However, machine learning algorithms typically require lots of training data and when this data contains sensitive information about real people, the stakes become extremely high. Two risks involve the violation of privacy and fairness: disclosing sensitive personal information and treating people unjustly during the decision-making process.

There are many well-documented cases of biased decision making that triggered an ongoing discussion about algorithmic fairness. A famous example is Google’s hate speech-detection algorithm that discriminated against African Americans. Researchers at the University of Washington found, that the algorithm was more likely to label their tweets as “hateful” or “offensive”. Not only was it biased against people of color, but also, as another study demonstrated, against well-known drag queens. Another case of bias in Artificial Intelligence was Amazon’s HR algorithm. The system was fed with 10 years worth of records of previous – and predominantly male – Amazon employees and thereby learned that being female poorly correlated with being a suitable candidate for a job at the tech company.

Now, in the cases above, algorithms systematically discriminate against a group based on its gender, race, or sexual orientation. If not addressed, these systemic biases end up in data sets that decision-making algorithms are trained on. Subsequently, the biased algorithms make unfair decisions, perpetuating, and actually amplifying the biases in our society.

We at MOSTLY AI believe in the positive powers of artificial intelligence to foster research and innovation. We will demonstrate that bias-corrected synthetic data can address both privacy and fairness concerns to allow for utilizing and democratizing big data assets while keeping the risks at a minimum. The current post will give a high-level overview of our work and in post 5 of our Fairness Series, we will discuss more technical aspects of our results as well as make our fair synthetic data sets available.

Read the other parts of the series:

From Privacy Protection To Promoting Fairness in AI

Our synthetic data platform, enables organizations to generate highly accurate, statistically representative synthetic data at scale such as synthetic customer records along with purchase histories. The software functions as an unlimited source of artificial individuals who have interacted with your business the same way as real people did historically. The synthetic data, however, can be shared safely without privacy concerns since these artificial people do not really exist and the privacy of your actual customers, the real data subjects, remains protected. (If you would like to learn more about synthetic data, watch our mini video series.)

Synthetic data generation doesn’t need to stop at privacy protection though. As we generate the data from scratch, we can model and shape it to fit different needs. A beautiful example of this is NVIDIA’s styleGAN, where a conditional generation of synthetic images allows for adding smiles or sunglasses to faces, or changing hair and skin color.

Fig. 1: Controlling the style of synthetic faces with NVIDIA’s StyleGAN.

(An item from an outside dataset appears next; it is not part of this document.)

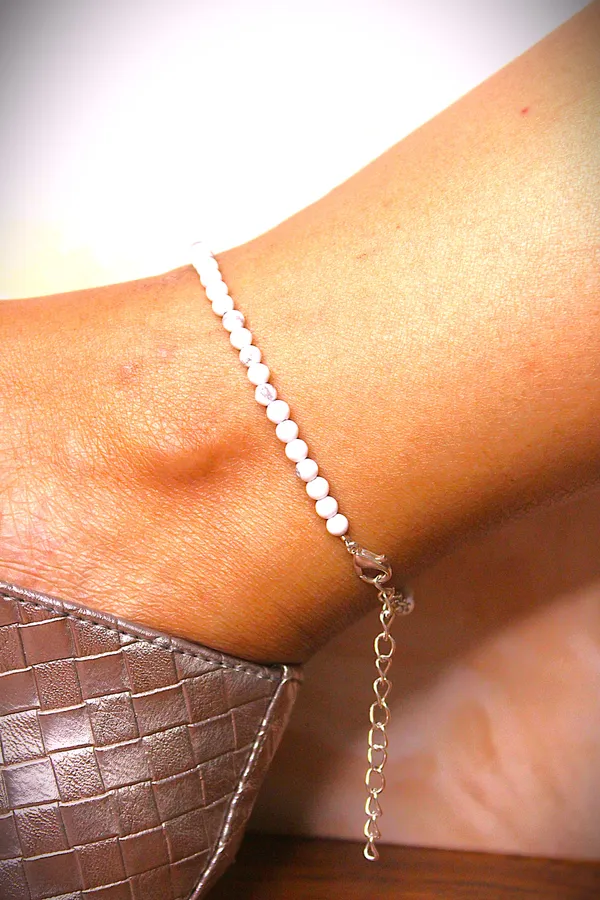 Howlite_4mm_Anklets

In this blog post, we want to leverage the possibility of modeling and shaping synthetic data to mitigate the second risk mentioned in the introduction: violation of fairness. The result is fair synthetic data that is fully anonymous and de-biased (in accordance with a specific fairness definition).

To Get Fair Synthetic Data You Need To Start With A Fairness Definition

Imagine a perfect world without any biases and discriminations, where attributes such as skin color or sex do not influence people’s lives either in a good nor a bad way. In such a world, the fraction of women among top management positions would equal those of men. Similarly, the fraction of women earning more than $50,000 per year would equal that of men and the fraction of African-Americans in US prisons would be the same as the fraction among Caucasians. This property comes under the name of statistical or demographic parity. The plot below shows how demographic parity is violated in the Adult US census data set with respect to gender and income.

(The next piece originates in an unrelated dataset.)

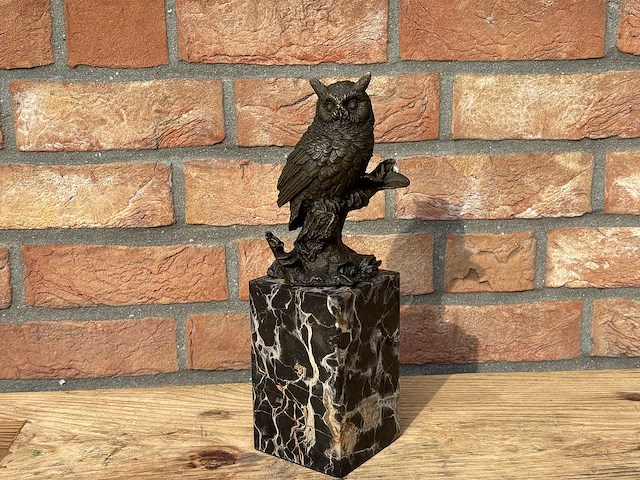 Sculptuur uil op tak - afbeelding 1 van  2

Fig. 2: Income inequality in the Adult census data set: we see a stark violation of demographic parity, as there are over 30% of all men but only ~11% of women earning more than $50,000 per year.

Statistical parity is a very intuitive fairness measure and, in a perfect world with equal opportunities for everybody, it would be satisfied. There are many other, equally viable metrics but keep in mind that there is no single equation or approach that will perfectly fit vastly different scenarios. To truly address and derive actionable insight against bias, one needs a deep understanding of the underlying issues in each use-case. What we developed here is a flexible framework to generate synthetic data that satisfies fairness with respect to a given metric, focusing on parity for now and exploring other measures in a subsequent study.

How To Create A Fair Synthetic Dataset?

There are three points in the machine learning life cycle where you can mitigate bias: at the source, by changing your input data; during the modeling phase by using additional fairness constraints; and as a post-processing step, by revising the algorithm’s decisions in favor of a sensitive group. Naive data-level techniques, such as oversampling methods, have the risk of skewing important data distributions when mitigating imbalances. Our approach is a sort of hybrid, using fairness constraints on a generative model to produce fair synthetic data.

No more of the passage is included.